I have fitted a ElasticNetCV in Python with three splits:
import numpy as np
from sklearn.linear_model import LinearRegression
#Sample data:
num_samples = 100 # Number of samples
num_features = 1000 # Number of features
X = np.random.rand(num_samples, num_features)
Y = np.random.rand(num_samples)
#Model
l1_ratios = np.arange(0.1, 1.1, 0.1)
tscv=TimeSeriesSplit(max_train_size=None, n_splits=3)

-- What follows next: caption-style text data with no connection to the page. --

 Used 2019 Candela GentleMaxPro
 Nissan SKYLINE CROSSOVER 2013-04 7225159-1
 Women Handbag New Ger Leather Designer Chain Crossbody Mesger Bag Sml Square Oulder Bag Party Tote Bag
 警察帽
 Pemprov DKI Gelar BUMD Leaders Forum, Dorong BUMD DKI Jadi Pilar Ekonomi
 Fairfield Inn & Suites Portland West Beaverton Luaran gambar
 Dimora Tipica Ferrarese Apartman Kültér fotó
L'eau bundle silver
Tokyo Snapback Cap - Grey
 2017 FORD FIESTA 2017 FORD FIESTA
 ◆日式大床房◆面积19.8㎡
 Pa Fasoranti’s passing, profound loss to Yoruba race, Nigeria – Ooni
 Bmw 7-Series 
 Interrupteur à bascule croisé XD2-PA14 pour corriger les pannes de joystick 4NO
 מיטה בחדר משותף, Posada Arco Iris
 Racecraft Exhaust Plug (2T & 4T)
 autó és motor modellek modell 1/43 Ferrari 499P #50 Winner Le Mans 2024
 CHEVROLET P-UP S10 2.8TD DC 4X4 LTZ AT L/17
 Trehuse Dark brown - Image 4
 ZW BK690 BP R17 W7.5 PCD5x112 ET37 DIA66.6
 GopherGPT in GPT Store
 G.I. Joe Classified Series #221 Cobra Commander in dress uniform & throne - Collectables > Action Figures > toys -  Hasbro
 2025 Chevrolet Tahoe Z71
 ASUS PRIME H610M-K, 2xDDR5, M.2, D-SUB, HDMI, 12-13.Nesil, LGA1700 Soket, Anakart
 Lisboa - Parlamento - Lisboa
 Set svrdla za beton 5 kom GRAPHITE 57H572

regr = ElasticNetCV(cv=tscv.split(X), random_state=42,l1_ratio=l1_ratios)
regr.fit(X,Y)
Now I want to get the whole grid of combinations of hyperparameters with the corresponding MSE as a Data Frame, I tried the following. However, the problem is that the resulting data frame shows the MSE for a combination of hyperparameters which are not shown as the minimum in the ElasticNetCV object which can be obtained by regr.alpha_
and regr.l1_ratio_
:
mse_path = regr.mse_path_
alpha_path = regr.alphas_
# Reshape mse_path to have l1_ratios, n_alphas, cross_validation_step as separate columns
mse_values = mse_path.flatten()
alpha_values = alpha_path.flatten()
l1_values=np.tile(l1_ratios ,int(alpha_values.shape[0]/l1_ratios.shape[0]))
repeated_l1_ratios = np.repeat(l1_ratios, 100)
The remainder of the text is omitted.